Panel Paper: Automated Census Record Linking: A Machine Learning Approach

Thursday, November 2, 2017
Dusable (Hyatt Regency Chicago)

*Names in bold indicate Presenter

James Feigenbaum, Boston University


In this paper, I detail a machine learning approach to record linkage to construct longitudinal historical samples. Newly digitized complete historical census records have brought big data to economic history. Linking individuals over time and between databases has opened up avenues for research into intergenerational mobility, the long-run effects of early life conditions, assimilation, discrimination, and the returns to education. To take advantage of these new research opportunities, scholars need to be able to accurately and efficiently match historical records and produce an unbiased dataset of links for analysis.
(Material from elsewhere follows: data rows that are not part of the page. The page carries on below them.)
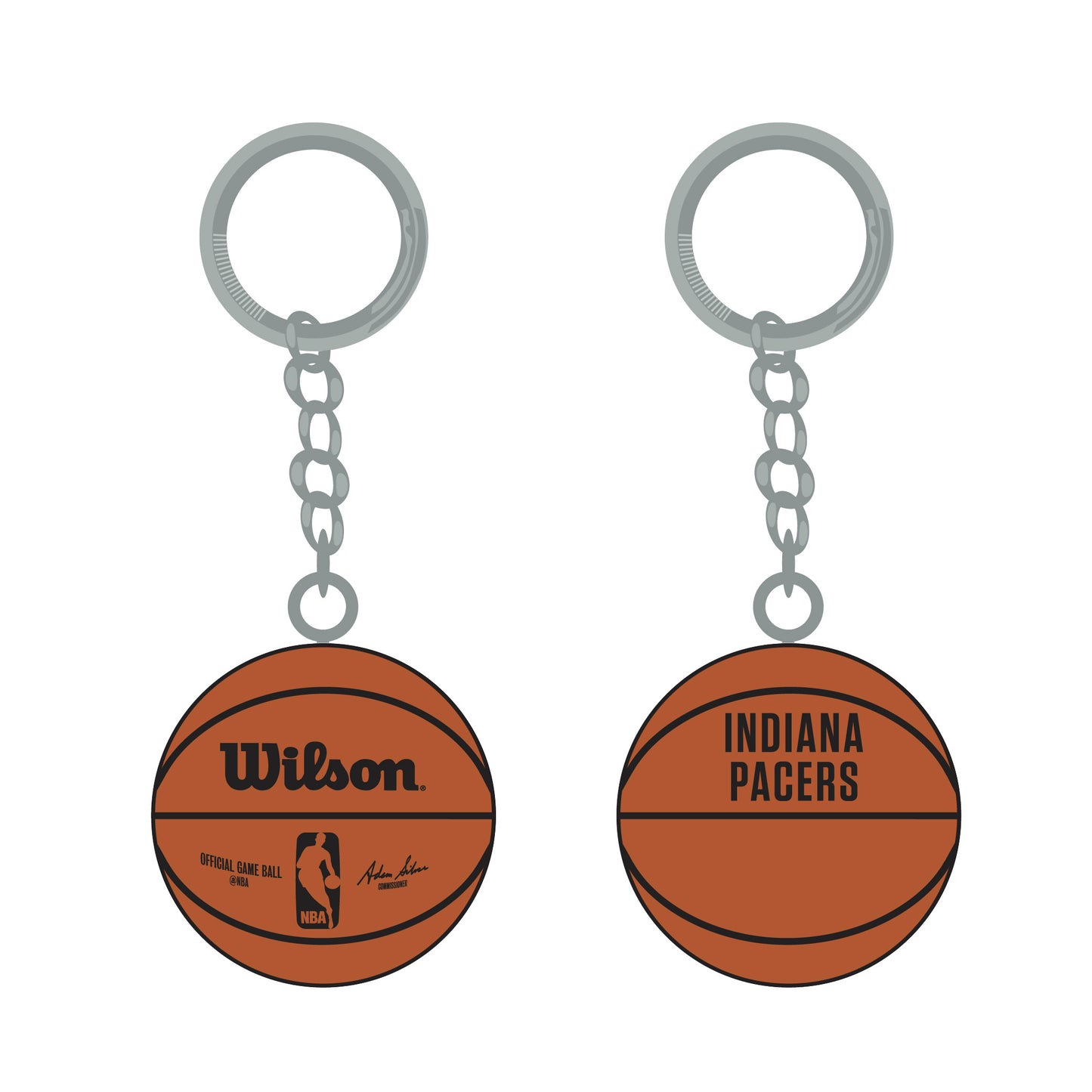 Indiana Pacers 3-D Basketball Keychain >> wilson need wipe - PSGLS0478160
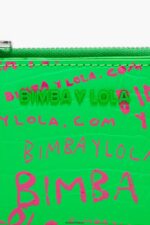 アクセサリー Bimba Y Lola レクタンギュラー クロコダイルプリント ハンドバッグ 緑 6BZ0X01037 - 画像 (2)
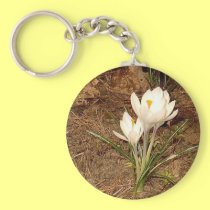 White Crocus keychains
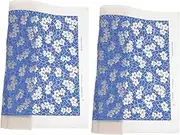 Hohopeti High Heat Pottery Decals Underglaze Transfers for Ceramics Blue Floral Transfer Paper for DIY Pottery and Professional Ceramic Art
The procedure I propose applies insights from machine learning classification and text comparison to record linkage of historical data.
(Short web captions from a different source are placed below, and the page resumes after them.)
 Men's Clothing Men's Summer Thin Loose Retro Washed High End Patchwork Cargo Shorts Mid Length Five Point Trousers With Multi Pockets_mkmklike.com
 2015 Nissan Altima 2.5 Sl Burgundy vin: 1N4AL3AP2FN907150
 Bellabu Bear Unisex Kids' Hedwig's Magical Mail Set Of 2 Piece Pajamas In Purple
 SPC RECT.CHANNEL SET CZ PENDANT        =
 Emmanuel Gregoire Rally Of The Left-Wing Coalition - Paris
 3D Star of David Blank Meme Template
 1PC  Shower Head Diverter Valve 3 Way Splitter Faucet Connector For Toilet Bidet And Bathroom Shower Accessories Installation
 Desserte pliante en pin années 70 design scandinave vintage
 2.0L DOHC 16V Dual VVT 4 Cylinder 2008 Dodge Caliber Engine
Linking historical data---without unique identification numbers---is difficult and imprecise, relying on demographic information like name, age, and place of birth. However, these variables may be mismeasured, including transcription errors, spelling mistakes, name changes, or name shortening. Manual linking by a trained researcher yields accurate and comprehensive matches, but at the cost of time and replicability. Prior algorithmic approaches have been developed in the historical literature, but their rigid rules are often quite inefficient---many records go unmatched---and inaccurate in the face of messy historical data. My technique uses supervised learning to train an algorithm to replicate the process of manually matching individual records across sources. I am thus able to increase the speed, accuracy, and consistency of creating historical linked samples.
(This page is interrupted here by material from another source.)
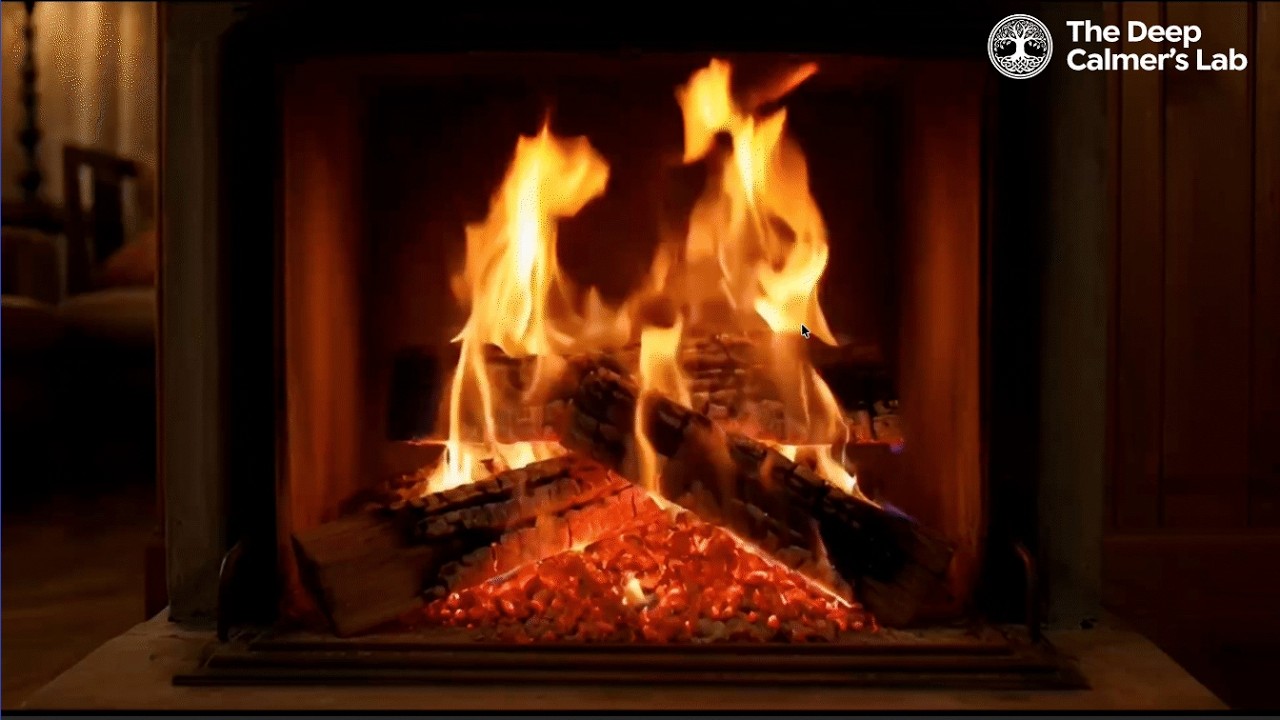 Gentle Piano & Crackling Fire | Beat Insomnia and Stress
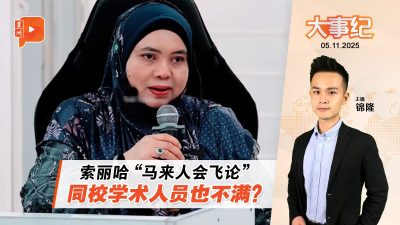 索丽哈“马来人会飞论” 同校学术人员也受不了？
I detail the specifics of the linking method in the paper but give a brief overview here. I begin by cross matching two census-like datasets and extracting a wide subset of possible matches for each record. I then build a training dataset on a small share of these possible links, manually identifying whether a given record pair is a link or not. This is the data used to tune the matching algorithm. For every record pair, I generate a large set of features---string distance in first and last name, difference in year of birth, Soundex indicators, agreement on middle initial, total possible matches for a given record, etc. When a researcher is making matches manually, each of these features has some weight: differences in last name are penalized more than differences in first names or string differences early in names are penalized more than string differences at the end of names. However, these weights are only implicit, and a researcher might struggle to write them down. The algorithm, observing the features and the match or not-match outcome, attempts to minimize both false positives and false negatives and estimates the weights explicitly, learning the rules used by a well-trained and consistent researcher.